Little more than an hour later Rocky Marciano announced he was retiring as heavyweight champion.
•CALIFORNIA ENDS CASE
In California the IBC had other things to think about. There James Cox, appointed by Governor Goodwin Knight to investigate boxing, showed that Norris and Truman K. Gibson Jr., IBC secretary, were shareholders in California Boxing Enterprises, a Sid Flaherty production. Flaherty, the Mr. Big of California boxing, emerged as the surprise witness of the investigation. He admitted he had broken about every rule in the boxing commission's book. He had, for instance, acted as a promoter, though he is manager of Bobo Olson and a stable of some 25 other fighters. Most states forbid the manager-promoter status. He had presented as many as five of his fighters on a card, though three is the limit. He had blackballed a referee who ruled against Olson.
But Flaherty left the stand with rather more dignity than many who preceded him. He had refused to lie or evade. Furthermore, Cox had checked, with some skepticism, Flaherty's reputation as a fight manager who treated his boxers with fatherly honesty. He was surprised to discover that the reputation was founded in fact, that Flaherty did indeed give his fighters the legal two-thirds of their purses (instead of the customary, though illegal, 50%). It was also true, Cox learned, that Flaherty had set up a trust for his boxers so that, on retirement, they would have an income for life. To check this, he had gone deeply into the affairs of Featherweight Gil Cadilli.
"Is your treatment of Cadilli," he asked, "typical of the way you handle all your fighters?"
"Pretty much," Flaherty answered.
"Then you are a credit to your profession or any other profession."
This made for a very pleasant interlude and, by contrast, served as commentary on what the rest of the investigation had spaded up. Cox ended it all after a dreary parade of fight promoters and commission officials had told what boxing has been like in California—a sour stew of cheated fighters, fixed fights and cowed officials. He will make his report to the governor by June.
•IBC BEGINS DEFENSE
As Rocky Marciano's championship term expired, the IBC position was being challenged as never before. It was rocked by the antitrust action in New York, involved in the revelations of the California investigation.
The Marciano retirement and the antitrust case aptly coincided. Rocky had been pretty much the property of the IBC from the day he came under the managerial wing of Al Weill, who was then an IBC matchmaker and not legally in a position to manage fighters. (The more it changes, the more it remains the same. Johnny Summerlin, the No. 5 heavyweight who could not get an IBC fight, now is scheduled for an early TV appearance. He has, according to report, recently acquired the powerful dual sponsorship of Jack Kearns and Truman Gibson, IBC secretary.)

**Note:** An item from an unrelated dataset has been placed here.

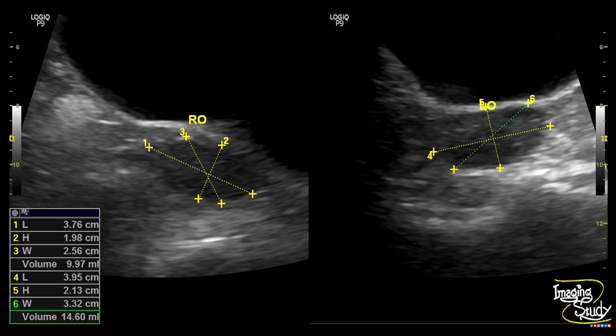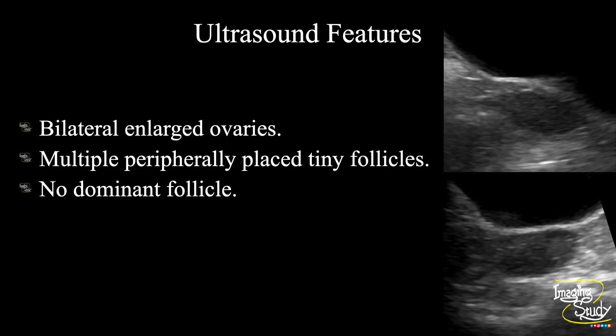These bilateral enlarged ovaries without any dominant follicle, and multiple very tiny peripherally placed follicles, suggest this case as polycystic ovarian disease. In summary, we have seen bilateral enlarged ovaries, multiple peripherally placed tiny follicles, and no dominant follicles. This patient was recommended to go for follicle-stimulating hormone and luteinizing hormone correlation to confirm it as a case of polycystic ovarian disease.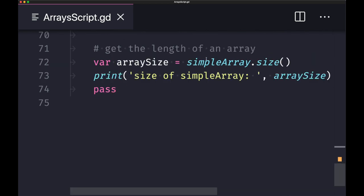Last but not least, to get the length of the array, just call the size method. That's all for this brief overview of how to use arrays in code. Please download the GitHub project linked in the description and press play to see the values printed to the screen. That's all for this episode — I hope to see you in the next one.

Moreover, the antitrust case was connected, at least in its implications, with California's inquiry, where it was established that IBC bigwigs Norris and Gibson were shareholders in one of the enterprises of Sid Flaherty, the San Francisco nonpareil who manages fighters with one hand and promotes their fights with the other, an arrangement which has been profitable, unlawful, publicly known and ignored by an ineffectual California Athletic Commission.
The antitrust case (SI, April 23) was presented for the most part in documents, but a few witnesses testified to the IBC's power and its ruthless use of it. Typical among them was Samuel Becker of Fort Thomas, Ky., a clothing manufacturer who promotes an occasional fight in nearby Cincinnati. Becker, a man of engaging personality, advised Federal Judge Sylvester J. Ryan that he had just celebrated 51 years in the clothing business. He beamed as the judge wished him mazel tov. He expressed pride, too, that as an amateur middleweight he had never been defeated or knocked off his feet. And the name of Ezzard Charles gave him special delight to pronounce for he had promoted all of Charles' fights in Cincinnati. That happy relationship faded as the IBC came in.
At that time, Becker testified, he was promoting the Charles-Joey Maxim bout and thought the winner, who turned out to be Charles, might challenge Joe Louis for a world's title bout in Cincinnati. But then he read that Louis was retiring and decided to ask Jersey Joe Walcott to fight Charles for the championship. After the Maxim fight Charles, Walcott and their managers discussed the idea until 2 a.m. in a Cincinnati hotel room, Becker said, then adjourned with the understanding that they would meet again for breakfast. Next morning Becker went without breakfast. No one showed up for the meeting. Harry Mendel of the IBC had arrived and shooed Walcott and Charles out of town. Furthermore, Becker said he was told, Joe Louis had said to Charles: "If you don't take orders from me and Mr. Norris, you'll never fight for the championship."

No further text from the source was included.